Scripture Texts: Matthew 14:22-36; Matthew 15:1-9
It is real easy to give something lip service without much connection behind it. That is what Jesus is accusing the religious leaders of his day of doing in regard to God. They had their big elaborate worship services complete with fancy robes, fancy songs and high sounding rites and rituals. All the while their hearts were more connected with their rituals and rites than with God.
Any of our beloved and important practices can fall prey to losing its connection to the heart of God. Times of worship, mission, service, prayer and study can all be done while missing the very reason we do all these things. Before we are too hard on the religious leaders we must come to terms with the fact that it could just as easily be us, and probably has been.
It is not only our relationship with God that we run the danger of having a disconnect between our words, actions, and our heart. In our marriage we might say all the right things and do all the right things while leaving our heart out of the equation. Utter the words I love you to our spouse without the connection of our heart behind it ring empty.

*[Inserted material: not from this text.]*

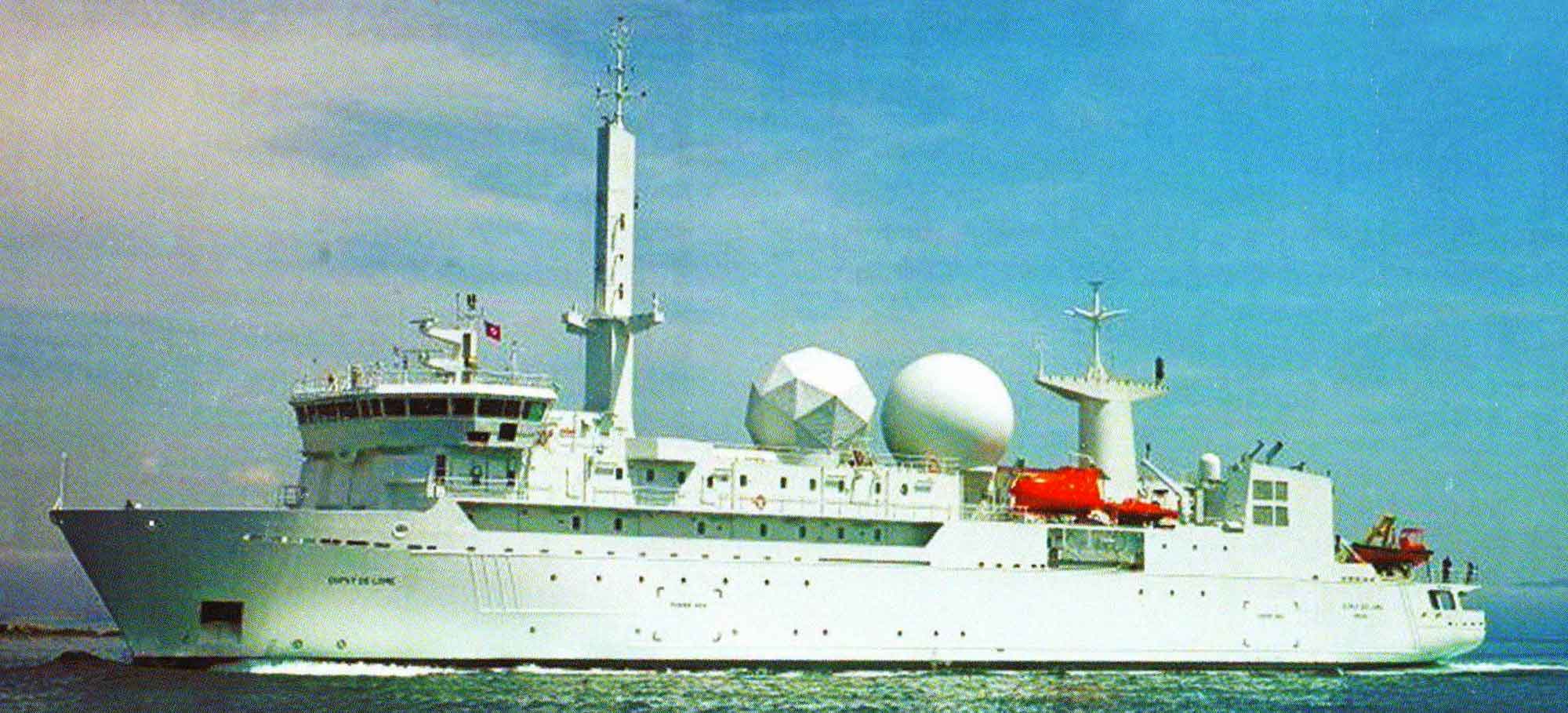 Разведывательный корабль ВМС Франции Дюпюи Де Лом, судно шпион Разведывательный корабль ВМС Франции Дюпюи Де Лом, судно шпион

When our words do not match our heart falsehood is allowed to enter into our marriage. At the outset this might not seem too bad, in fact we might justify it by thinking we need to say it until it is true, even when we do not feel it. Reality is rather than say something to our spouse that is not connected with our heart, we need to search our own heart to see where the disconnect is.
Empty words left uninspected grow separation in a marriage. Once the separation begins it becomes easier to offer empty words. Then the vicious spiral has begun and the ending is usually not real pretty. Over time it becomes impossible to trust the words shared between spouses and communication becomes superficial and insignificant.

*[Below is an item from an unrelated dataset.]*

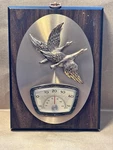Wall Thermometer/barometer Wood Cooper Metal Ducks Vintage. Fixed Price $15.50.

The best way to prevent this disconnect is to ruthlessly pursue a life-giving connection with our spouse. Tending the condition of our hearts, and relationship is top priority if we are to cultivate a healthy marriage. This requires time together, both quantity and quality. Time to talk, laugh, cry and live life deeply together. All of the time invested will allow us to offer our heart and our words to our spouse creating a marriage that is full and healthy.